→ **TASK MATERIAL**
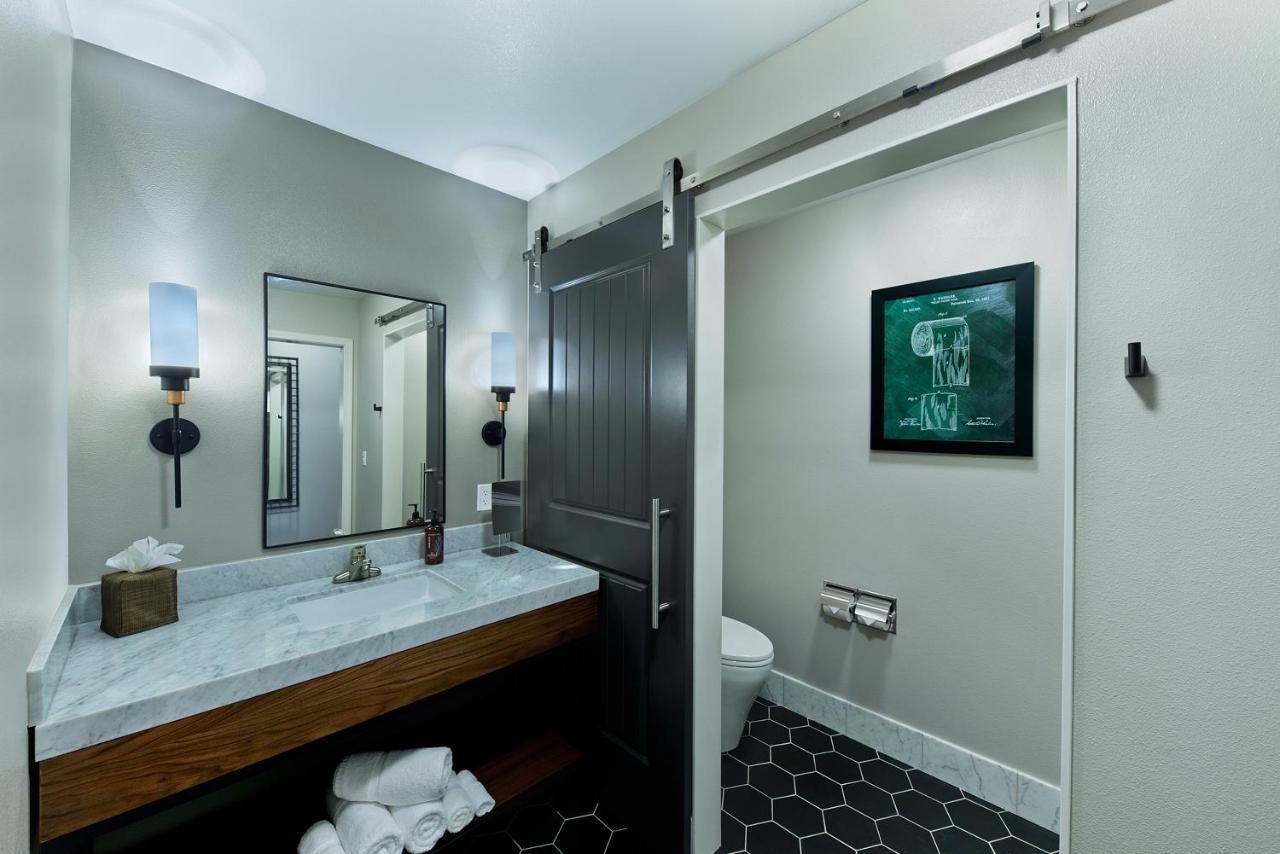 King Suite Walk-In Shower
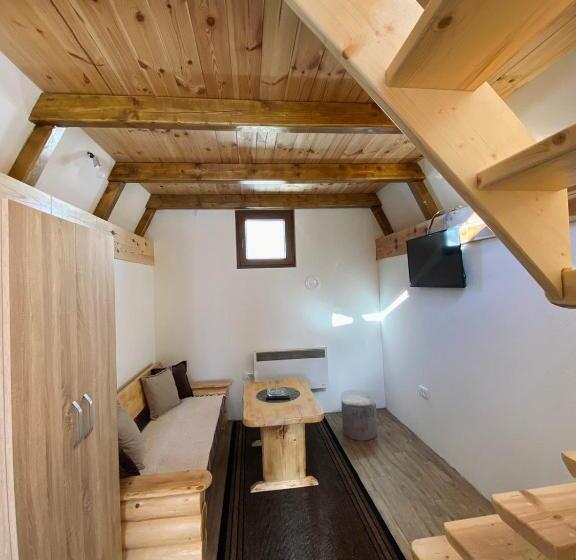 بانگلوی استاندارد, Bungalows And Rooms Ivan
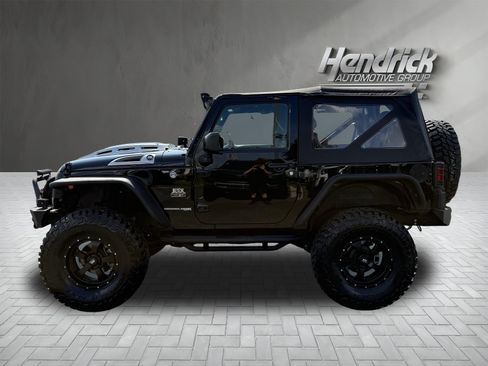 Used 2018 Jeep Wrangler Sport w/ Connectivity Group AWD/4WD image 7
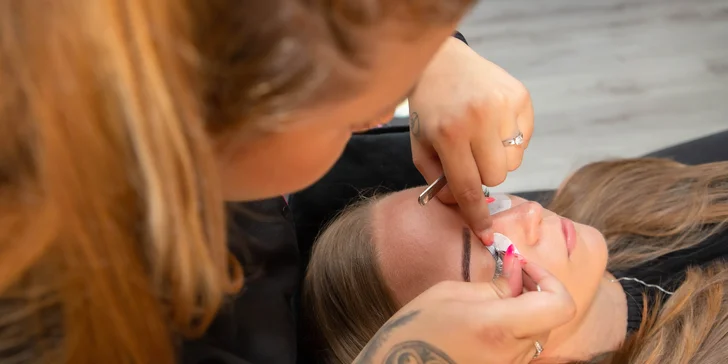 Lash lifting a laminácia, úprava obočia, 3D mihalnice alebo microblading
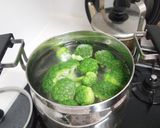 ブロッコリーの豚肉巻き☆人参ソース作り方1写真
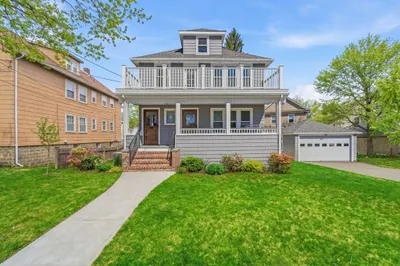 79 Watertown St #79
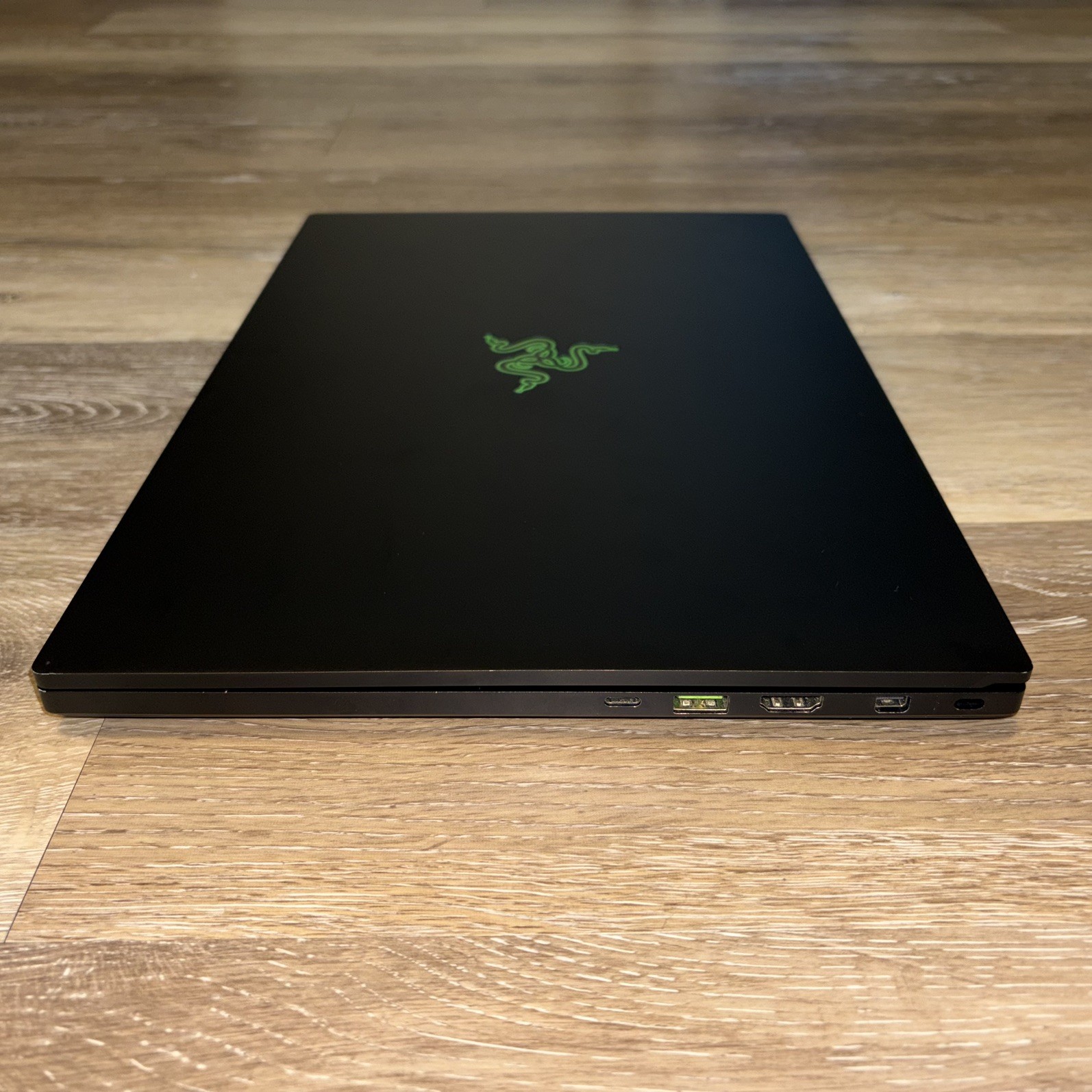 Razer Blade 15 RTX 2080 Max-Q 9th Gen i7-9750H FHD 16GB 512GB SSD 240Hz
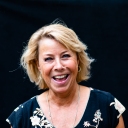 Gospel giver mig tro, håb og masser af kærlighed og jeg har fået en helt ny "familie" jeg altid kan regne med og som altid kan regne med mig. Gospelsange kan sætte gang i hele følelsesregistret og jeg tror det netop er det, der bringer os sammen og tæt på hinanden i koret uanset hvem vi er. Det eneste jeg fortryder er, at jeg ikke startede i et gospelkor for mange år siden. Iben (Danmark)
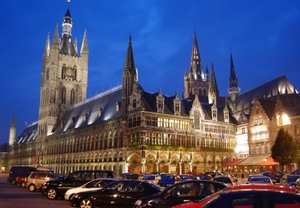 Ieper bij valavond - Lakenhalle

→ **TASK ITEM**
Every line of the data is to be transcribed exactly, and no picture is to be included.

→ **PROBLEM SOLUTION**
 King Suite Walk-In Shower
 بانگلوی استاندارد, Bungalows And Rooms Ivan
 Used 2018 Jeep Wrangler Sport w/ Connectivity Group AWD/4WD image 7
 Lash lifting a laminácia, úprava obočia, 3D mihalnice alebo microblading
 ブロッコリーの豚肉巻き☆人参ソース作り方1写真
 79 Watertown St #79
 Razer Blade 15 RTX 2080 Max-Q 9th Gen i7-9750H FHD 16GB 512GB SSD 240Hz
 Gospel giver mig tro, håb og masser af kærlighed og jeg har fået en helt ny "familie" jeg altid kan regne med og som altid kan regne med mig. Gospelsange kan sætte gang i hele følelsesregistret og jeg tror det netop er det, der bringer os sammen og tæt på hinanden i koret uanset hvem vi er. Det eneste jeg fortryder er, at jeg ikke startede i et gospelkor for mange år siden. Iben (Danmark)
 Ieper bij valavond - Lakenhalle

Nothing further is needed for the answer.